1225 17th Street, Suite 1300
Denver, Colorado
                                            
80202
(Address of principal executive offices)
                                        
(Zip Code)

(303) 293-2992
(Registrant’s telephone number, including area code)
Not applicable
 (Former name or former address, if changed since last report)

Check the appropriate box below if the Form 8-K filing is intended to simultaneously satisfy the filing obligation of the registrant under any of the following provisions (see General Instruction A.2. below):

o   Written communications pursuant to Rule 425 under the Securities Act (17 CFR 230.425)

o   Soliciting material pursuant to Rule 14a-12 under the Exchange Act (17 CFR 240.14a-12)

o   Pre-commencement communications pursuant to Rule 14d-2(b) under the Exchange Act (17 CFR 240.14d-2(b))

o   Pre-commencement communications pursuant to Rule 13e-4(c) under the Exchange Act (17 CFR 240.13e-4(c))
 



 
 

 
 
Item 8.01  Other Events.
 
Evergreen Energy Inc. (the “Company”) was notified by its China joint venture, Evergreen-China Energy Technology Co., Ltd., that the joint venture executed a Coal Upgrading Factory Project Cooperation Agreement on December 22, 2011 with a Chinese coal mining company.   The Cooperation Agreement provides for the testing of lignite from a site in Inner Mongolia and for the Chinese coal mining company to provide land, obtain permits for a K-Fuel facility with annual capacity of one million tons per year, and for providing feedstock and certain railroad transportation capacity.
 
The Cooperation Agreement requires that the Company and its joint venture partners raise, directly or through third parties, the estimated $40 million to $50 million required for the design and construction of the K-Fuel facility. In addition, the Cooperation Agreement provides that the lignite must meet certain upgrading and storage requirements, with testing to be performed in China.  The Company does not have the capital to invest in the facility and it is also the Company’s understanding from discussions with the other parties to the joint venture that they do not have the capital to invest in the facility.  One of the joint venture partners has indicated that a reputable party in China has been in discussions about investing some of the capital and serving as co-developer of the K-Fuel facility.  The identity of that party has not been disclosed and the joint venture partner has confirmed that no agreement has been reached at this time.
 
The Cooperation Agreement does not provide for royalties or any license fee to be paid to the joint venture or the Company. Furthermore, the Cooperation Agreement does not provide cash flow to the Company or its subsidiaries and neither the joint venture nor its partners will provide financing to the Company.

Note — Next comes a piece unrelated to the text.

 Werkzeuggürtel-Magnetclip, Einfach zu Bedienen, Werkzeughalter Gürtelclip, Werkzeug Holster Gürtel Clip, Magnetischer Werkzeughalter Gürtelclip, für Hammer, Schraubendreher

The terms of the joint venture agreement provide that either party may terminate the joint venture if, by December 31, 2011, the joint venture has not executed a “Commercial Agreement” (defined as a “K-Fuel® Patented Technology sublicense agreement”) with a project owner as a sub-licensee of a K-Fuel® Plant within China.  The Company does not believe the Cooperation Agreement constitutes the required “Commercial Agreement.”

The Company has been working with its  joint venture partners to extend the time period with which the joint venture may comply with the Commercial Agreement requirements, to provide cash to the Company and to address a few other issues of concern. These efforts concluded on January 11, 2012 and were unsuccessful.  Accordingly, the Company’s board is evaluating whether it should terminate the Joint Venture Agreement pursuant to its terms in order to preserve rights to the K-Fuel technology for the Company in China.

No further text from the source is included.